27/05/2011

Um governo tutelado

Roberto Freire - Presidente do PPS

A derrota do governo na questão do novo Código Florestal não foi uma vitória da oposição, mas uma derrota infligida ao governo por sua própria base. Afinal, a Câmara dos Deputados aprovou por 410 votos a favor, 63 contra, 35 do PT que contrariaram a orientação do partido e do governo Dilma Rousseff, e uma abstenção o projeto que altera o Código florestal.

Duas propostas controversas, de autoria de deputados do PMDB, ainda foram aprovadas, a que dá aos estados a prerrogativa de definir áreas de preservação e a que permite a redução da Reserva Legal da Amazônia em 30 pontos percentuais. Não deixando à presidente Dilma Rousseff outra alternativa que o veto.

Não é demais lembrar que quando ocupou o Ministério de Minas e Energia e, depois, a Casa Civil, Dilma sempre esteve em confronto com Marina Silva, então ministra do Meio Ambiente. Como no caso da hidrelétrica de Belo Monte e nas demais obras do PAC que feriam a legislação ambiental.
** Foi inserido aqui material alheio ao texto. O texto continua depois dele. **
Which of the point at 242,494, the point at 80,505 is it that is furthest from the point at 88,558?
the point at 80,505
Um dos motivos, como se sabe, da saída de Marina do governo Lula.

Enfrentando uma aguda crise política, fruto de denúncias gravíssimas que atingem seu chefe da Casa Civil, Antônio Palocci, por tráfico de influência quando era deputado e coordenador de sua campanha presidencial, como revelou recentemente reportagem da Folha de S.Paulo.

Mais preocupado em livrar-se da ameaça de uma CPI do que coordenar as ações do governo, é incapaz de comandar sua própria base, obrigando a presidente a negociar no varejo para preservar seu ministro, e tentar governar.
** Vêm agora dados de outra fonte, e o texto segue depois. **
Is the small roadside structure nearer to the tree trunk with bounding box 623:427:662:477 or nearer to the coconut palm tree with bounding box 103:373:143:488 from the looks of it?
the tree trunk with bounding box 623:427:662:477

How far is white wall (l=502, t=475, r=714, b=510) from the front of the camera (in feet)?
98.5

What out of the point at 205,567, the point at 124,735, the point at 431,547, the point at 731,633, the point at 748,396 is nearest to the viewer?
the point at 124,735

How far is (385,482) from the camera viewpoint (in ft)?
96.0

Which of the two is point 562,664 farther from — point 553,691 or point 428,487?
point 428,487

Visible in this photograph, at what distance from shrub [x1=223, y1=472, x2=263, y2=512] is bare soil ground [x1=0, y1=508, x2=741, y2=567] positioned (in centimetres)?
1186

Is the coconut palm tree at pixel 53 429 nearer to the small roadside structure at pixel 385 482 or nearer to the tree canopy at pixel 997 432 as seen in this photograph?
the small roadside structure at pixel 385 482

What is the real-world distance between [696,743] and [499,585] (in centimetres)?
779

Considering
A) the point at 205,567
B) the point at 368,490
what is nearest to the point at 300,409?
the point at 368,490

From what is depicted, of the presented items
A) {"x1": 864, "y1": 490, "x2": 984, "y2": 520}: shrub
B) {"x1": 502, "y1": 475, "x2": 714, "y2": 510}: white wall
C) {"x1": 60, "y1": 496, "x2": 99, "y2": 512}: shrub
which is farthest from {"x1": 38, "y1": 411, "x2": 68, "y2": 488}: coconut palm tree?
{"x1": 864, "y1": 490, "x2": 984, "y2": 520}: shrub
Esse é o quadro desolador de um governo que não governa, como pode ser facilmente observado pela paralisia das obras do PAC 2, notadamente as que envolvem a Copa e as Olimpíadas, o retorno da inflação e o crescente desajuste fiscal. Um dos resultados desse desgoverno é o ambiente cada vez mais confuso em que atua sua base parlamentar.
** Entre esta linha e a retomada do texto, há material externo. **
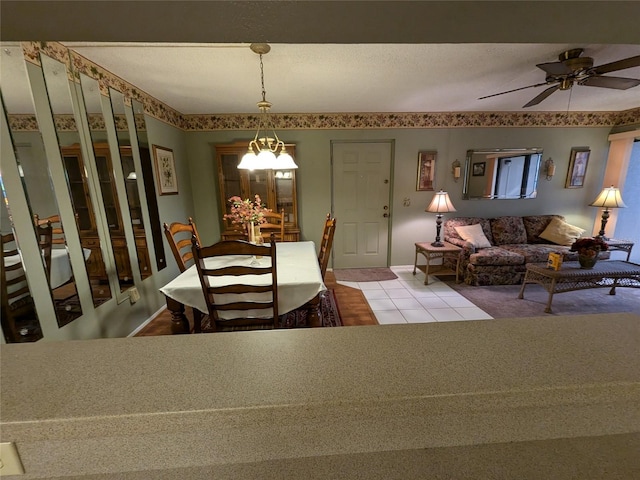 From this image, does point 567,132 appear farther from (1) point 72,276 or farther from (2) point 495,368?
(1) point 72,276

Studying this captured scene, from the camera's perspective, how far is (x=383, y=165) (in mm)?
3992

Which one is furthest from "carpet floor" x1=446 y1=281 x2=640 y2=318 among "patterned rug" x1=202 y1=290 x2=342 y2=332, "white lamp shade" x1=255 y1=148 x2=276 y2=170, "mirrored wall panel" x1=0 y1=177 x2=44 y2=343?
"mirrored wall panel" x1=0 y1=177 x2=44 y2=343

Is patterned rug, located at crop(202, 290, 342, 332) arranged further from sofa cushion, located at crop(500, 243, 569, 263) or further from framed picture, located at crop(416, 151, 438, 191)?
sofa cushion, located at crop(500, 243, 569, 263)

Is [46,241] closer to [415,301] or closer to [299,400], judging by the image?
[299,400]

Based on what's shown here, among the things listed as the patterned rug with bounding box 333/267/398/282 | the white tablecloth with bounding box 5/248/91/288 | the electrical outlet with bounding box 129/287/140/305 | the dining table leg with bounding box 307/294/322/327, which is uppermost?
the white tablecloth with bounding box 5/248/91/288

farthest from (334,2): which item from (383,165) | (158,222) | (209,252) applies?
(383,165)

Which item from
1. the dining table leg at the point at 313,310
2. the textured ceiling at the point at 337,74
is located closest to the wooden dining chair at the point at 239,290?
the dining table leg at the point at 313,310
Não por outro motivo, o ex-presidente Lula assoma o proscênio buscando o apoio de Sarney para impedir que Palocci não tenha que prestar contas sobre o fantástico desempenho de sua "empresa de consultoria", formada por dois empregados, e sobre a qual ninguém no mercado nunca ouviu falar.

Talvez seja em relação a ela que o ex-presidente se referia quando falava em "espetáculo do crescimento". Sua aparição revela um fato que agora torna-se evidente, a de um governo tutelado e incapaz de enfrentar crises.

Tal fato ocorre paralelamente em um momento crucial para a economia do país. Com a crescente deterioração da situação internacional, com o Japão em recessão, a China diminuindo a velocidade de seu crescimento e a Europa e os Estados Unidos ainda às voltas com a crise financeira deflagrada em 2008.

Qualquer que seja a perspectiva de análise, o que vemos é um governo paralisado, enredado em suas contradições, sem direção e com sua base parlamentar cada vez mais "esfomeada", percebendo a fraqueza do governo e sua incapacidade de sair do impasse.

Um governo fraco é uma ameaça permanente ao próprio processo democrático, sobretudo, quando depende de um condottiere que de fora das instituições estabelece um poder paralelo para tentar salvar a sua criatura que se mostra alienada do seu papel de líder, através de um silêncio que se antes parecia sabedoria, hoje não passa de perplexidade.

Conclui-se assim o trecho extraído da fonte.